Los bebés no pueden estar solos. Son como Maradona. Pero en lugar del séquito de adulones, necesitan el ojo vigilante de un adulto en forma permanente. Día, noche y madrugada. Por lo menos hasta cierta edad. Severino, mi hijo, todavía no alcanzó esa edad en que gozan de cierta autonomía y, a falta de hermanos, primos o niñera en las inmediaciones, requiere la atención full time de sus progenitores gestante y no gestante, para decirlo con un apropiado lenguaje de época. Mamá y papá.
Esto ya lo sabíamos. Quién más, quién menos, todas y todos leemos acerca de lo que vendrá cuando se acerca el primogénito. Pero muy otra cosa es experimentarlo en la propia carne y en la propia agenda. Ya dije que el trabajo independiente y sobre todo escaso me ha permitido estar a cargo de Seve la mayor parte del día. Así que cuando Vera, mi mujer, regresa de las modernas oficinas de la petrolera en la que revista, se ocupa del niño mientras yo me desplazo hacia las tareas de la casa pendientes.
Esta logística elemental sigue el sistema de postas, relevos o guardias, como prefieran llamarlo, y se extiende a las esporádicas salidas, que también son de a uno. Es una estrategia efectiva para evitar la sobredosis de bebé (siempre alguno está de recreo fugaz en la isla adulta), pero conspira hasta la aniquilación contra la vida de pareja. Tanto como el cansancio crónico que conlleva la marca personal de un niño que apenas supera el año y medio.

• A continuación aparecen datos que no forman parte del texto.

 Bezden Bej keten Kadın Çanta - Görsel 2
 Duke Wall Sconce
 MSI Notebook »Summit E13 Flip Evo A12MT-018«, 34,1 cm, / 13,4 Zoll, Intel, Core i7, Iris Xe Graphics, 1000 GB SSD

Un día, mientras tendía la ropa, comprobé que, en un abrir y cerrar de ojos –si fuera paulatino acaso uno presentaría mayor resistencia–, Vera y yo habíamos abandonado los cines, los teatros, los conciertos, los restaurantes, los bares, las casas de los amigos, los sábados de tenis, las conversaciones de sobremesa, las sobremesas, las trasnoches de ópera y vino en el sillón, las trasnoches, los viajes relámpago, las salidas de compras, las caminatas crepusculares y el sexo, entre otras cosas.
Es en este punto cuando se advierte que la decisión de tener un hijo contempla la inmolación de la pareja. Como la crisálida se vuelve mariposa, las parejas se convierten en familias. Fin de la metamorfosis. Y los quehaceres del amor romántico –los detalles divertidos de este mundo– dan paso a los protocolos de una misión definida como socialmente trascendente. Por lo menos durante un tiempo. Los más experimentados y optimistas dicen, al igual que el filósofo de Sarandí, que todo pasa. Y que, más temprano que tarde, la intensidad de lo íntimo rebrota en el horizonte marital y barre los nubarrones del tedio.
El penúltimo bastión de nuestra pareja consistía en una corta y silenciosa ceremonia. Al regresar del trabajo, Vera se tendía en un sillón y, mientras bebía un té de menta (tiene el intestino irritable), se entregaba a mi masaje de pies, especialidad de la casa. Pero claro, la demanda de Seve convirtió el ejercicio de relax en una tanda de juegos de encastre, a upa, y con Peppa Pig de fondo.
Solo nos queda un ámbito a solas que, tal vez por su inestable periodicidad, zafó del detector infalible de nuestro hijo y por lo tanto se erigió en bandera –esta sí, innegociable– de la privacidad de la pareja. Se trata de la limpieza de la canaleta.
Es una labor seria: si las hojas se acumulan y la obstruyen, el agua que desborda en un día de lluvia puede producir estragos (ya lo ha hecho). Por esta razón, hemos desarrollado un sentido de la reciprocidad que solo existe en los grandes equipos. Vera, desde el llano, orienta mis pasos en lo alto y me alcanza las herramientas necesarias para efectuar el mantenimiento (a decir verdad, un palo que funciona como émbolo en el llamado caño de lluvia). Así como a mí me resulta indispensable su respaldo, sé que yo soy, en estos casos, sus ojos. Desde el techo, reporto escrupulosamente el estado de la canaleta, describo los materiales arrastrados por el viento (además de hojas, se amontona una pelusa amarilla que desprenden los árboles, también algún papel) y el estado de la malla de alambre que debería actuar como filtro.
Más allá del texto pedestre de la escena, se darán cuenta de que la posición de ambos remite a balcones clásicos y serenatas, la quintaescencia del idilio. Quizá por eso, a veces noto cierta resonancia amorosa, cuando no erótica, en ese diálogo doméstico que viaja entre el techo y el piso. Connotaciones, sentidos agregados a las palabras triviales. En los momentos de zozobra conyugal, en lugar de pensar en un viaje que repita esplendores pasados, ahora me digo que siempre nos queda la limpieza de la canaleta.